Maineville, Ohio is closer to the Cincinnati area. College Hill is in Cincinnati. My husband and I moved from the Cincinnati area last year.


----------



## TeriRains (Jan 26, 2011)

I would also like to meet regularly with people to share ideas and skills. Wouldn't mind a once quarterly, centrally located place to meet. It would be nice to start something and build on it to what fits everyone!!!


----------



## momanna (Nov 12, 2011)

Maineville is north east of Cincinnati, just near Kings Island Amusment park off of I-71. We are closer to Dayton OH College Hill is North West of Downtown Cincinnati.


----------



## NellieKnitter (Sep 10, 2012)

TeriRains said:


> I would also like to meet regularly with people to share ideas and skills. Wouldn't mind a once quarterly, centrally located place to meet. It would be nice to start something and build on it to what fits everyone!!!

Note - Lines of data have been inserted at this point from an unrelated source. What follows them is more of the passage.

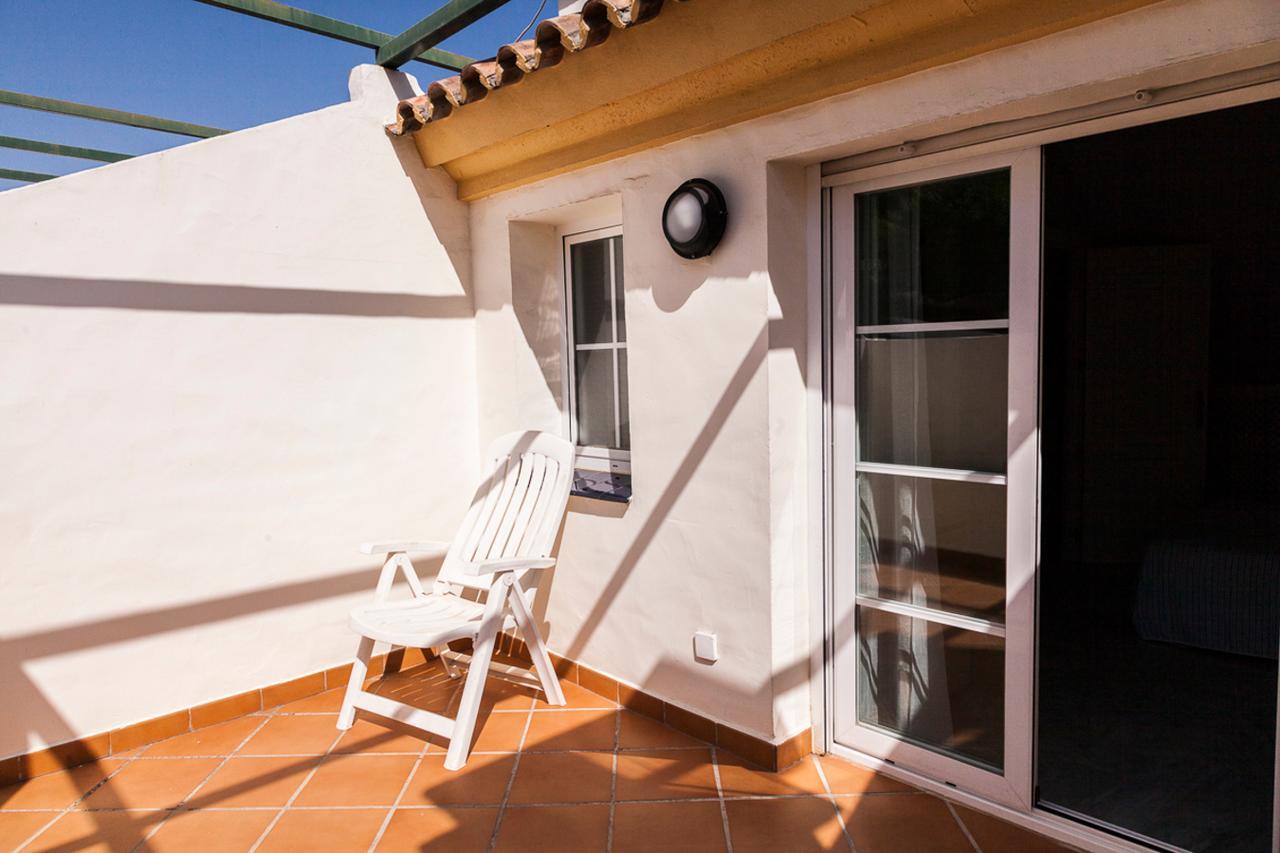 Señorío De Aloha Marbella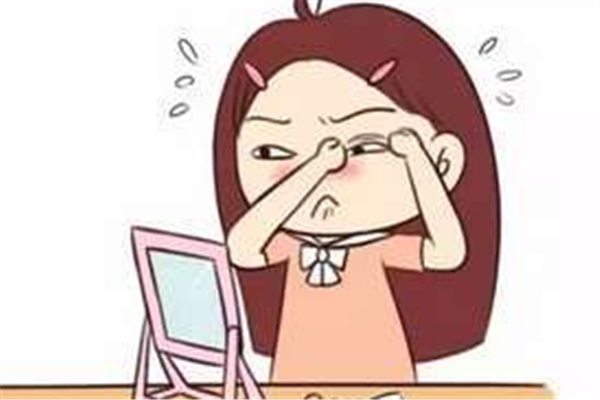 雙眼皮手術(shù)后注意事項(xiàng)有哪些 雙眼皮手術(shù)后可以吃什么 雙眼皮手術(shù)后注意事項(xiàng)有哪些 雙眼皮手術(shù)后可以吃什么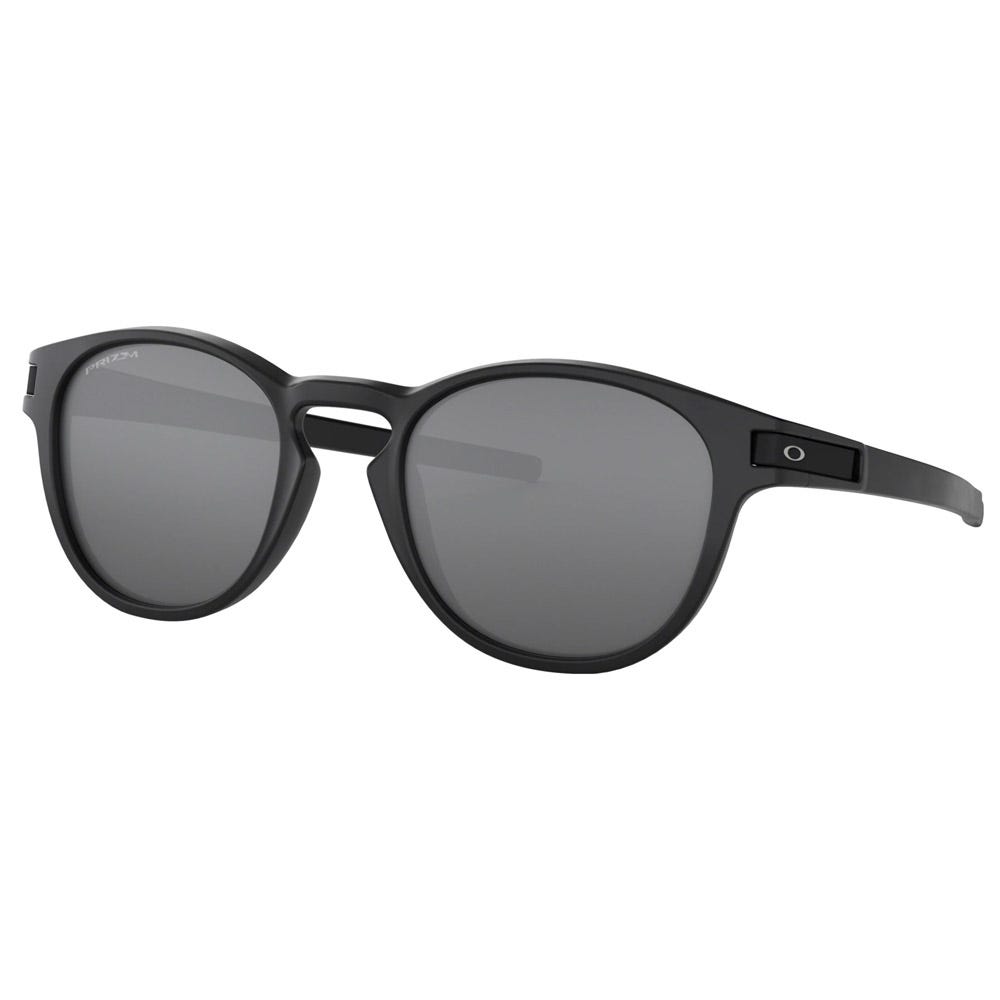 https://www.lds-eyewear.de/glisshop-prod-doc/visual/E16OAKLLUN5425417_OAKL0000448_0.jpg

I agree with you. I think there are enough people in our area, that we could start meeting on a small scale and help set something up for our part of the world. I guess we should check with the lady who started organizing this--don't want to step on her toes. Maybe we could be of assistance.

I don't work and would prefer days, but evening would be ok too, to accommodate the KPers who work during the day.


----------



## barbduff1973 (Oct 16, 2012)

im in michigan but i love to travel too ohio


----------



## barbduff1973 (Oct 16, 2012)

i love crocheting and knitting, would be willing to pick you up and aybe have some luch and crafting fun


----------



## barbduff1973 (Oct 16, 2012)

im in ypsilanti and love crafting friends, im an obssesed crocheter


----------



## barbduff1973 (Oct 16, 2012)

im in ypsilanti, and looking for crafting friends


----------



## M1GNON (May 3, 2012)

momanna said:


> Maineville is north east of Cincinnati, just near Kings Island Amusment park off of I-71. We are closer to Dayton OH College Hill is North West of Downtown Cincinnati.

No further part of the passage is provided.